DATA SHOWN:
* * *

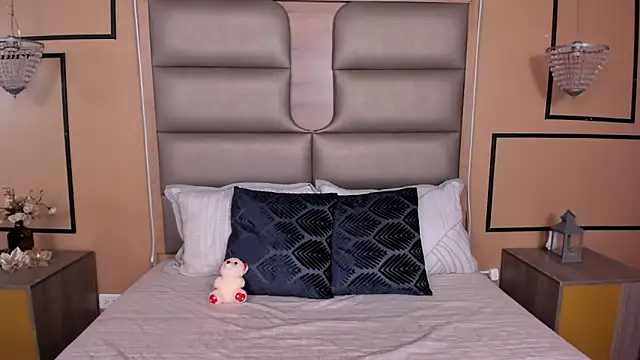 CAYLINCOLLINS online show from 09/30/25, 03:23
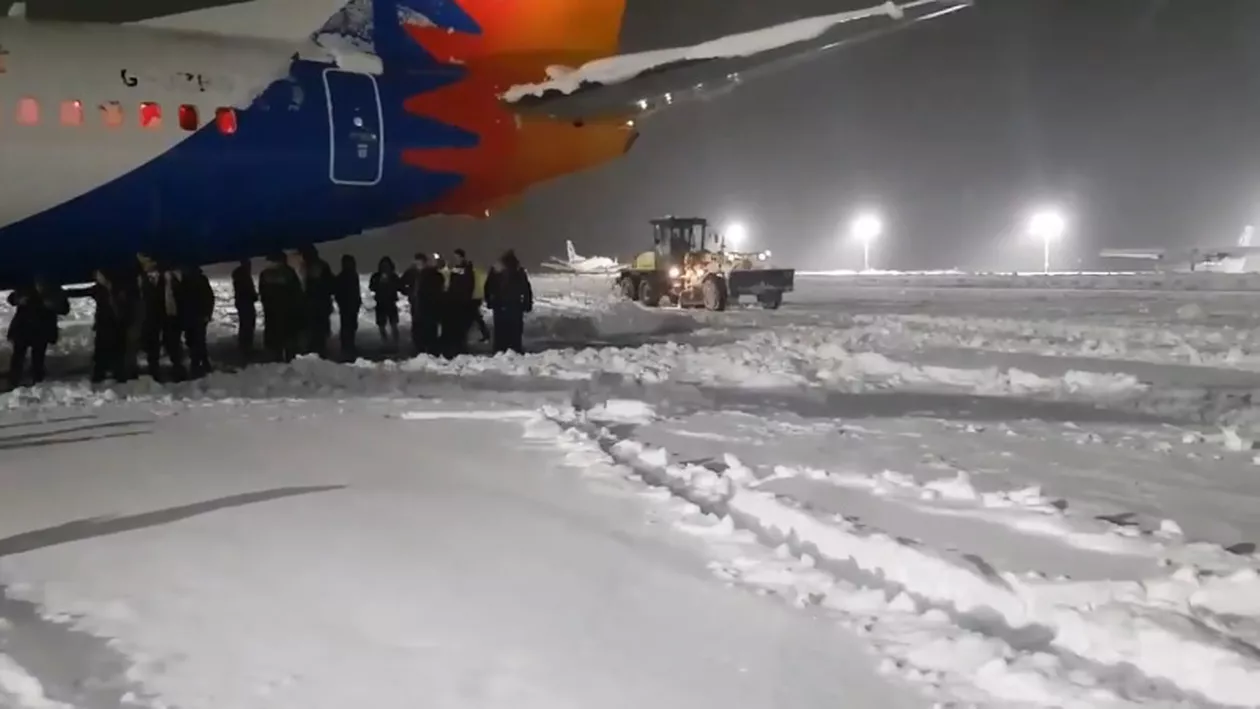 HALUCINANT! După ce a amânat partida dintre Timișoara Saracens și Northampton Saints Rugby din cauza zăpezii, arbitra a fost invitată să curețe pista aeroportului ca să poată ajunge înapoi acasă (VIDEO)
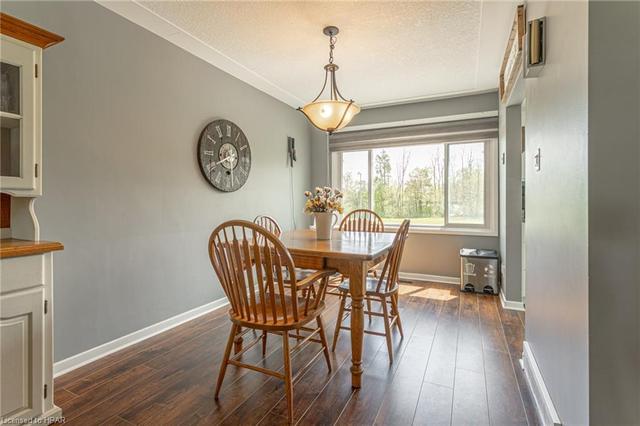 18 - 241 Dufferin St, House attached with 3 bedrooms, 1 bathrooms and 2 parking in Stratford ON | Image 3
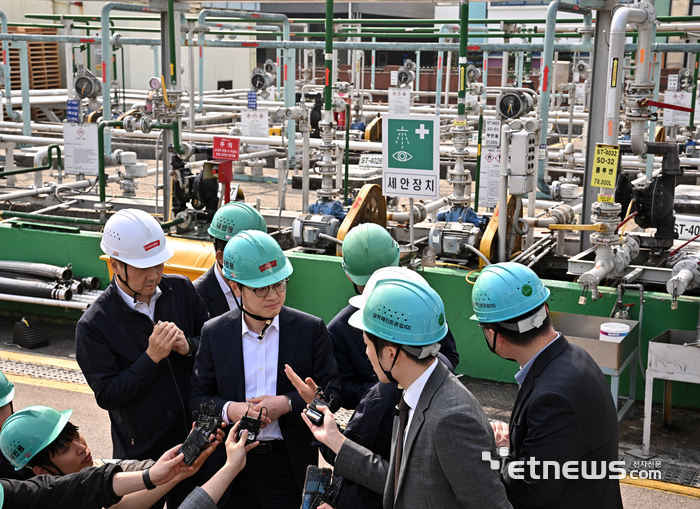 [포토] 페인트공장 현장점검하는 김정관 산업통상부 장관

* * *

WHAT IS NEEDED: Only an exact copy is needed: the lines from the opening of the listing through the line with "HALUCINANT! După ce", both included, minus the pictures.

ANSWER SPACE:
 CAYLINCOLLINS online show from 09/30/25, 03:23
 HALUCINANT! După ce a amânat partida dintre Timișoara Saracens și Northampton Saints Rugby din cauza zăpezii, arbitra a fost invitată să curețe pista aeroportului ca să poată ajunge înapoi acasă (VIDEO)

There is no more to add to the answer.